BigQuery Materialized Views

Materialized views precompute aggregation results and refresh incrementally. Subsequent queries read from the precomputed result rather than rescanning the base table.

BigQuery materialized views support transparent query rewriting: the optimizer automatically rewrites queries against the base table to use the MV when it detects a match. No changes to consumer queries are required.

Creating a Materialized View

The core pattern: define the aggregation you want to precompute, configure refresh behavior, and set staleness tolerance.

CREATE MATERIALIZED VIEW `project.dataset.mv_daily_revenue`
OPTIONS (
  enable_refresh = true,
  refresh_interval_minutes = 30,
  max_staleness = INTERVAL '4' HOUR
)
AS
SELECT
  DATE(transaction_time) AS transaction_date,
  product_category,
  SUM(amount) AS total_revenue,
  COUNT(*) AS transaction_count
FROM `project.dataset.transactions`
GROUP BY 1, 2;

Three configuration options control the behavior:

enable_refresh: Turns on automatic incremental refresh. BigQuery tracks which rows in the base table have changed since the last refresh and only recomputes those. This is fundamentally different from a scheduled query that recomputes everything.

refresh_interval_minutes: How often BigQuery checks for changes. Setting this to 30 means the MV refreshes at most every 30 minutes. Shorter intervals give fresher data but consume more compute.

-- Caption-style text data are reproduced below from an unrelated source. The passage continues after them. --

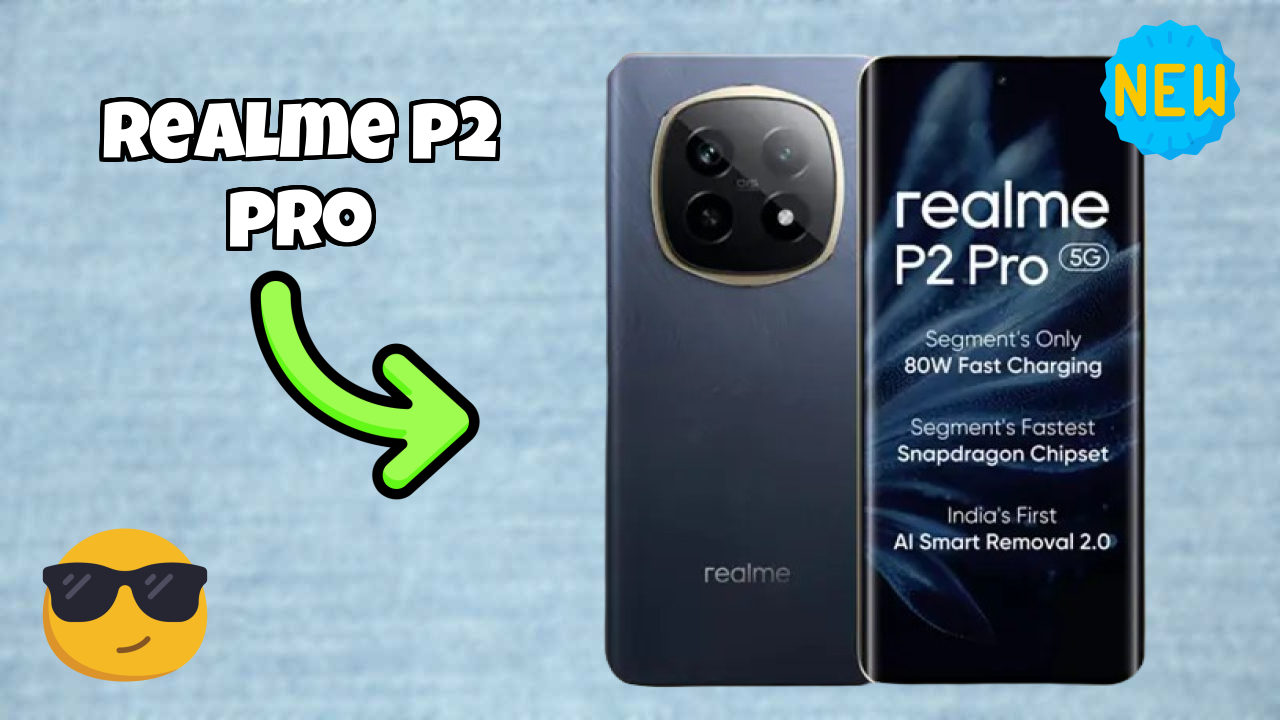 Realme P2 Pro RAM Performance: 8 GB RAM Gaming Tested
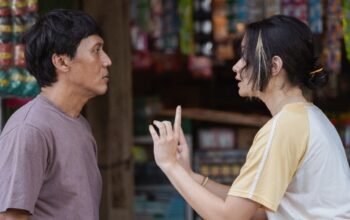 Nugie Minder Jadi Ayah Satine Zaneta di Film Siti Si Vampir, Sosok Abimana Bikin Salah Fokus!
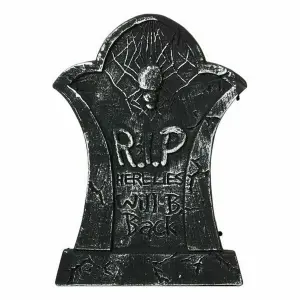 Decorative object bloody tombstone BigBuy Home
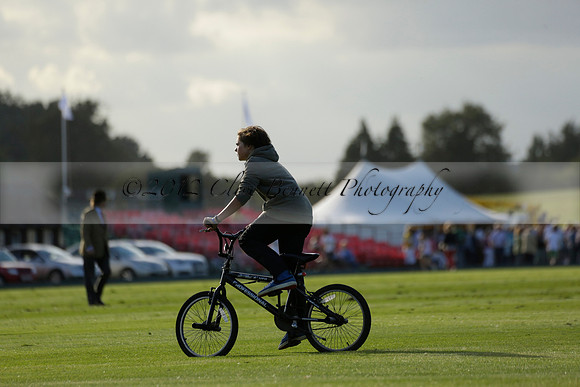 The Junior HPA / Polo Club Gannon 1  polo match and presentations at Cowdray Park Polo Club on Friday 09  August 2013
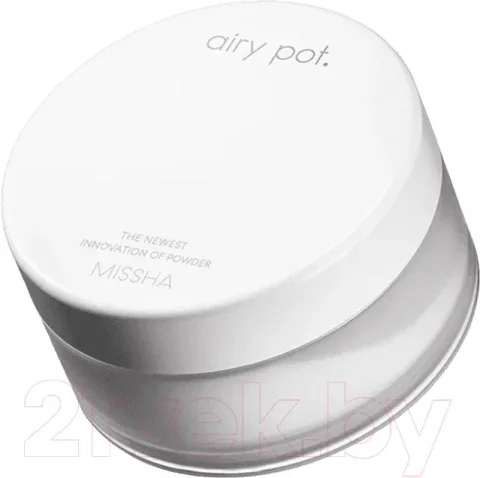 Пудра рассыпчатая Missha Airy Pot Pressed Powder Translucent (9г)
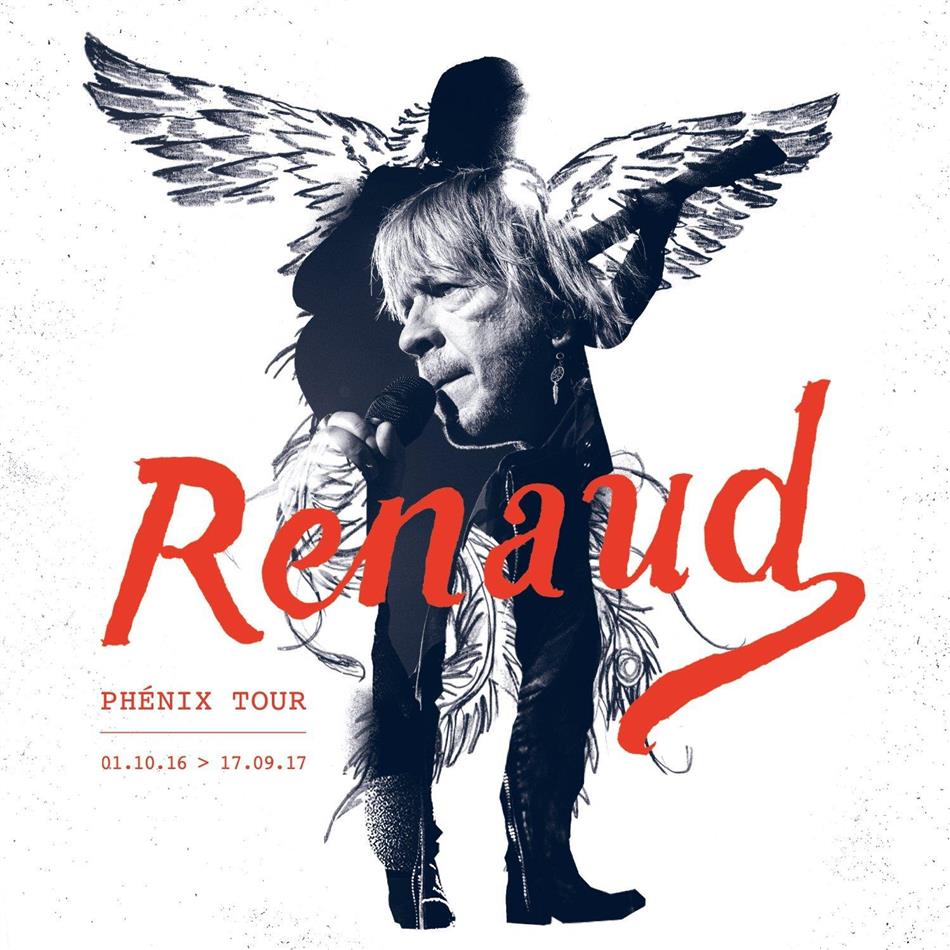 Renaud - Phoenix Tour Deluxe Edition, 3 LPs + 2 CDs + 2 DVDs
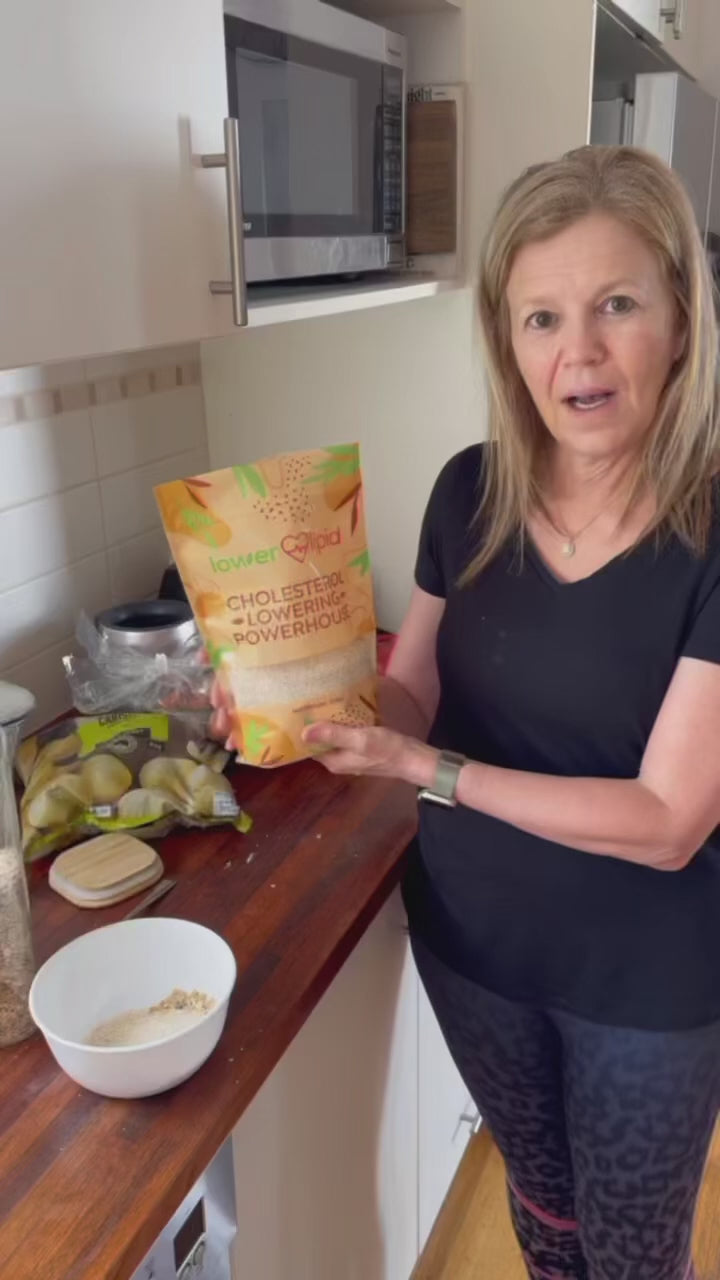 A great review from our trialed customer Nadine! Who saw her total cholesterol drop from 6.7 to 5.8!.mp4__PID:9e66cc20-eb98-42ed-a531-0e76731a15e9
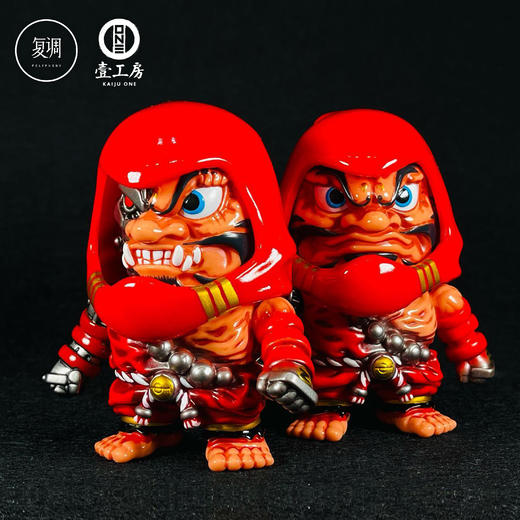 现货 壹工坊 达摩天 红色 商品图0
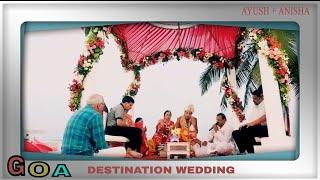 Ayush & Anisha || Destination Wedding || HolidayInn Goa || Pearl Weddings and Entertainment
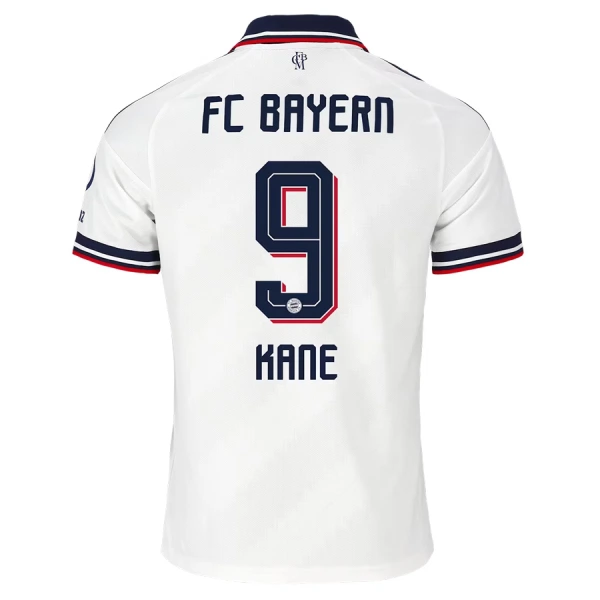 Maglia FC Bayern Monaco Harry Kane 9 Gara Away 2026/27 Maglia FC Bayern Monaco Harry Kane 9 Gara Away 2026/27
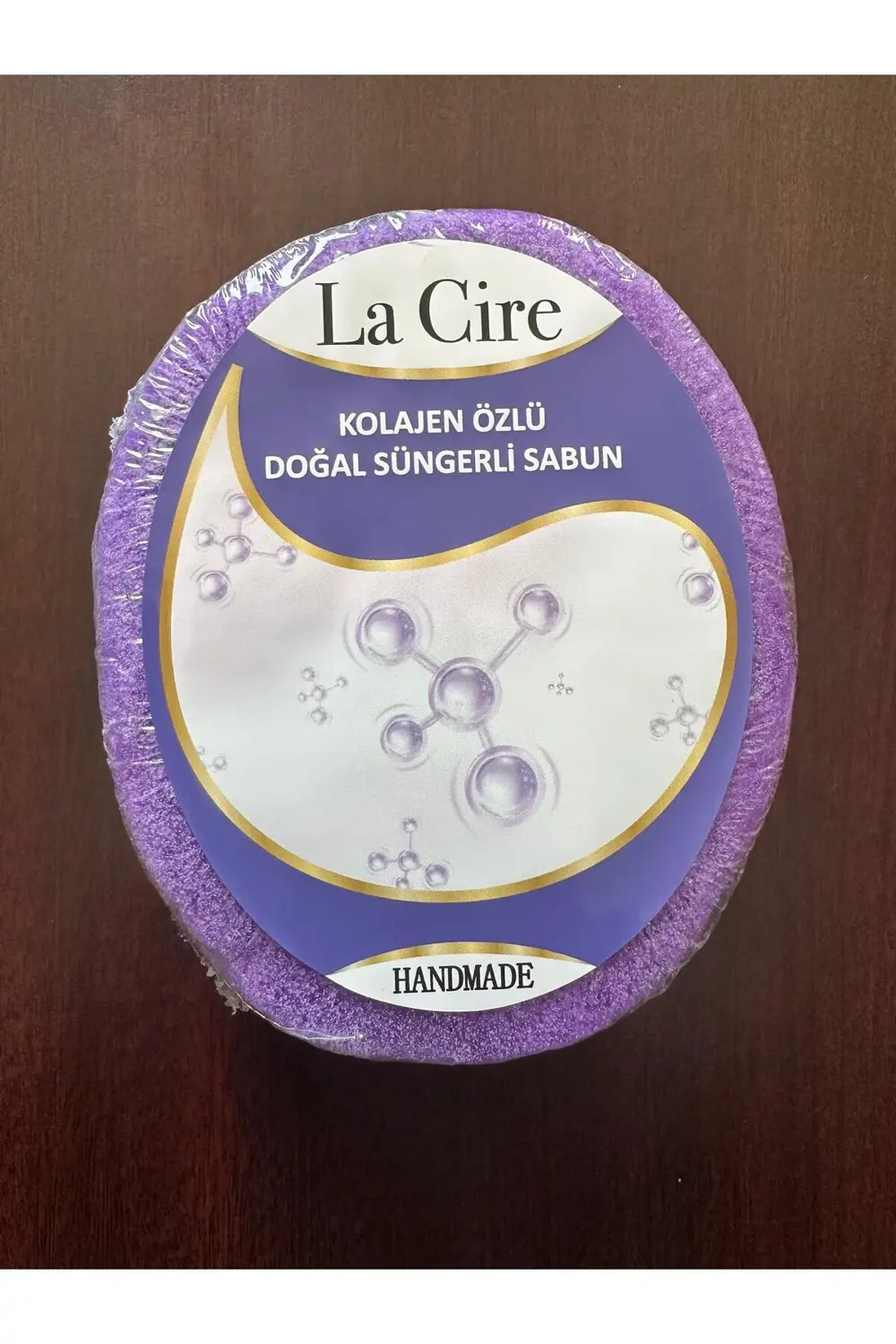 Kolajen Özlü Doğal Süngerli Sabun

max_staleness: This is the key tuning lever. It tells BigQuery how old the MV data can be before it must refresh. Setting INTERVAL '4' HOUR says “I’m okay with data that’s up to 4 hours old.” This lets the optimizer use the MV more aggressively and reduces refresh frequency. For real-time dashboards, omit it (the default is always-fresh). For weekly reports, set it to days.

Transparent Query Rewriting

This is where MVs differ from simply creating a summary table. When you query the base table:

SELECT
  DATE(transaction_time) AS transaction_date,
  SUM(amount) AS total_revenue
FROM `project.dataset.transactions`
WHERE DATE(transaction_time) >= '2025-01-01'
GROUP BY 1;

BigQuery recognizes that this query can be answered from mv_daily_revenue and rewrites it automatically. The user doesn’t know or care that an MV exists. The query planner handles the routing.

This works because BigQuery can verify that the MV result is equivalent to (or derivable from) the original query. It handles aggregation rollups: if the MV groups by product_category and your query doesn’t, BigQuery can aggregate across categories from the MV result instead of the base table.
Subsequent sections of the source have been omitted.